Tsar Ivan looks ridiculous, with gray eyes, a long nose and a gag; He is tall in age, has a lean body, has high shoulders, broad chests, thick muscles, a man of wonderful reasoning, content in the science of book teaching, and highly eloquent, daring in the militia and standing up for his fatherland. For his servants, given to him by God, he is cruel-hearted, and for shedding blood for murder he is impudent and implacable; Destroy many people from small to great in your kingdom, and captivate many of your own cities, and imprison many holy ranks and destroy them with unmerciful death, and desecrate many other things against your servants, wives and maidens through fornication. The same Tsar Ivan did many good things, loving the army of the great ones and demanding them from their treasures generously. Such is Tsar Ivan.

N.V. Vodovozov. History of Old Russian Literature

The historian Solovyov believes that it is necessary to consider the personality and character of the tsar in the context of his environment in his youth:

Appearance

Evidence from contemporaries about the appearance of Ivan the Terrible is very scarce. All available portraits of him, according to K. Waliszewski, are of dubious authenticity. According to contemporaries, he was lean, tall and had a good physique. Ivan's eyes were blue with a penetrating gaze, although in the second half of his reign a gloomy and gloomy face was already noted. The king shaved his head, wore a large mustache and a thick reddish beard, which turned gray towards the end of his reign.
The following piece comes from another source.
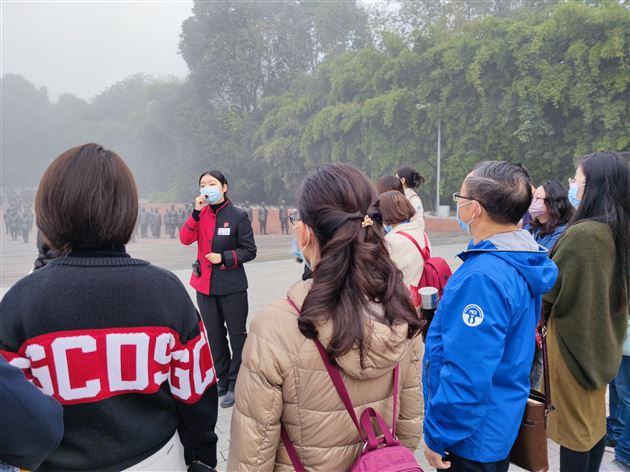 砥砺奋进显初心 凝聚共识谋发展——中共成都棠湖外国语学校高中第一支部开展党建活动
The Venetian ambassador Marco Foscarino writes about the appearance of 27-year-old Ivan Vasilyevich: “handsome.”

The German ambassador Daniil Prince, who visited Ivan the Terrible in Moscow twice, described the 46-year-old Tsar: “He is very tall. The body is full of strength and quite thick, with large eyes that constantly run around and watch everything most carefully. His beard is red (rufa), with a slight tint of black, quite long and thick, but, like most Russians, he shaves the hair on his head with a razor.”

In 1963, the tomb of Ivan the Terrible was opened in the Archangel Cathedral of the Moscow Kremlin. The king was buried in the vestments of a schemamonk. Based on the remains, it was established that Ivan the Terrible’s height was about 179-180 centimeters. In the last years of his life, his weight was 85-90 kg. Soviet scientist M. M. Gerasimov used the technique he developed to restore the appearance of Ivan the Terrible from the preserved skull and skeleton. Based on the results of the study, we can say that “by the age of 54, the king was already an old man, his face was covered with deep wrinkles, and there were huge bags under his eyes. Clearly expressed asymmetry (the left eye, collarbone and shoulder blade were much larger than the right ones), the heavy nose of the descendant of the Paleologians, and the disgustingly sensual mouth gave him an unattractive appearance.”

Family and personal life

On December 13, 1546, 16-year-old Ivan consulted with Metropolitan Macarius about his desire to get married. Immediately after the crowning of the kingdom in January, noble dignitaries, okolnichy and clerks began to travel around the country, looking for a bride for the king. A brideshow was held. The king's choice fell on Anastasia, the daughter of the widow Zakharyina. At the same time, Karamzin says that the tsar was guided not by the nobility of the family, but by the personal merits of Anastasia. The wedding took place on February 13, 1547 in the Church of Our Lady.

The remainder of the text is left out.